Through a back door of the church one gets into the beautiful yet simple Baptistery, as well as the remains of several earlier churches dedicated to local saints. This is where Verona delighted me most, for literally underneath one of those there were found Roman remains – I think they were of an early period church, but am not sure as I’ve lost the fact sheet we were given – of very high standard, with well preserved mosaic floors and other delights. The canny archaeologists and preservation experts have somehow managed to suspend the existing chapel floor, intact, right over the ruins, which are visible through large mezzanine like openings in the floor, well it and easily perused, so that you’re walking in two periods of history at the same time, admiring the differences and similarities. Genius!

The other Romanesque church in Verona took some finding, as it’s a little out of the centre of town. As mentioned before, it was a very hot day, and we were weary and in much need of a cool resting place by the time we reached St. Zeno’s. The first thing that struck me about it was the beautiful way in which the builders alternated white limestone and rows of red bricks to create a simple but effective decorative motif on the outside of the building, and the second was that it absolutely bloomin’ huge. Again, we are often told that Gothic engineering enabled people during the High Middle Ages to build higher than was possible before, but the architect of St. Zeno’s obviously had not gotten the memo telling him that Romanesque buildings are supposed to be squat and heavy looking.  

The inside is not just immensely tall, but also built on three levels, which adds to the dizzying effect. Very low on the window ratio, the walls and pillars are dotted with the occasional fresco or twenty (I found it interesting how back in those days they obviously didn’t feel that they have to create a coherent “theme”, but just stuck artworks on the walls how and where they fancied them), most of them dating from the early Middle Ages to just about the very beginning of the Renaissance, giving a rare picture of stylistic coherence that was, again, fascinating to experience. A large modern oil painting of Jesus on the cross, covered in real nails, did not at all spoil the atmosphere, and was seemingly much admired by local worshippers. 

Seeing these places has left me with an interesting impression of Renaissance Italy; not the textbook one of admiration for all the things gained and achieved by it, but a slight sadness for the things that were lost, papered over, demolished, done away with. Fashion in architecture is always a destructive force – many a wonderful building has been lost to either whim or ideology. But I think Europe is missing more than just a few pretty churches from Dark Age Italy. The Catholic Church during and after the Reformation and subsequent religious wars did a very good job of branding itself, creating a unique physical identity which is inseparable from the Sistine Chapel, Santa Maria Di Fiore, or The Last Supper.
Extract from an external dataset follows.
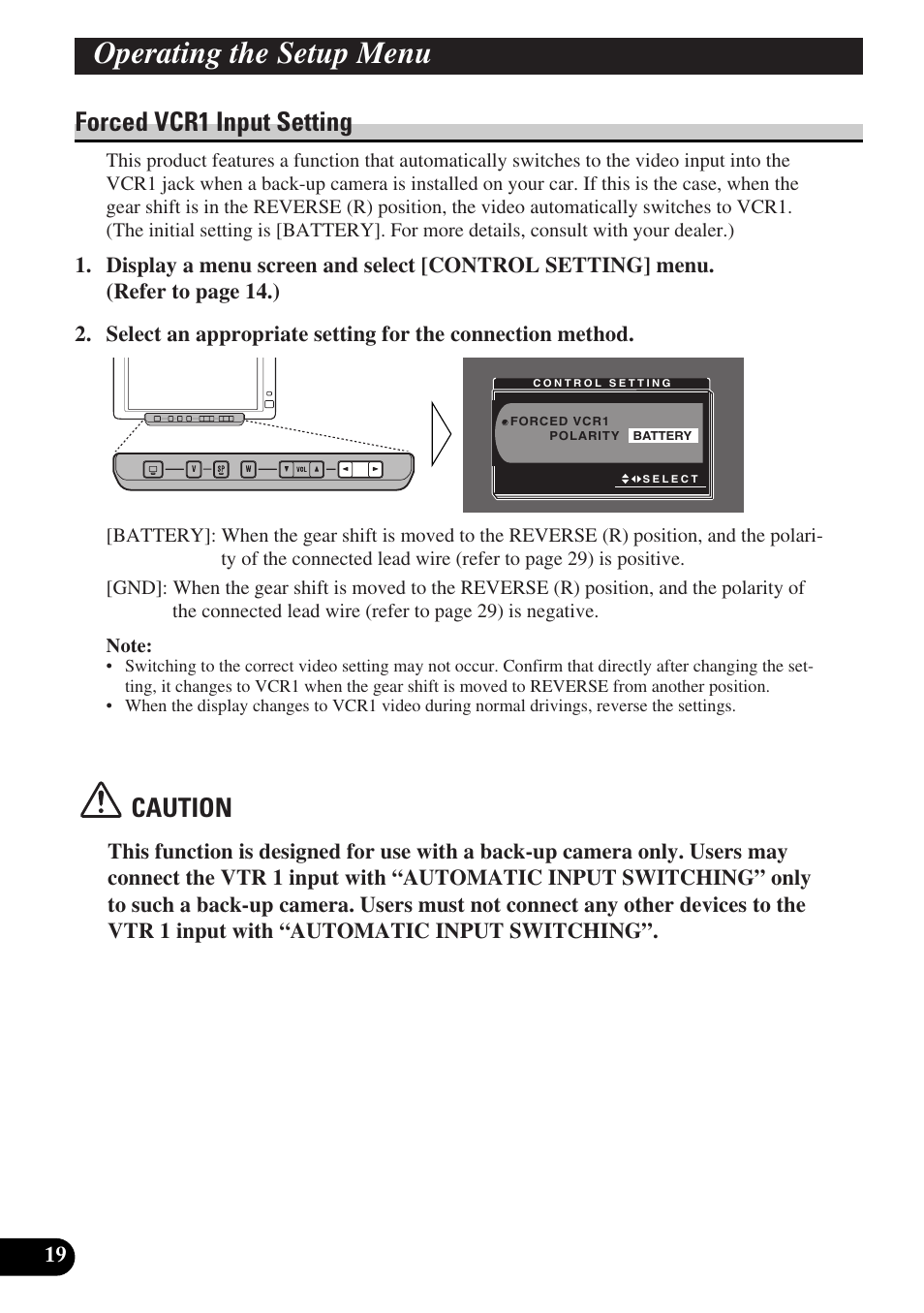 Forced vcr1 input setting, Operating the setup menu, Caution | Pioneer AVD-W6010 User Manual | Page 20 / 112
The side effect was to sever the stylistic link, the cultural umbilical cord that had connected East and West (even after the trauma of the Schism) in Europe; seeing those frescoed heads on the wall of the Duomo in Verona, dressed in heavy Byzantine robes and adorned with ringlets and sculptural jewels, really brought home to me how notional and artificial the divisions within what was once called “Christendom” really are.

We look on Eastern Europe now as if it were somehow other, a different place with different priorities and ideals, but who’s to say that this is truly so? It seems to me as if we’re doing the work of the most divisive forces in European history – religion and politics – for them, when the reality is that you could walk from Istanbul to Dublin (well, a couple of ferry rides would be indicated) and find an unbroken chain of relation and influence throughout. This is a Good Thing™. I’m glad I have been awoken to it.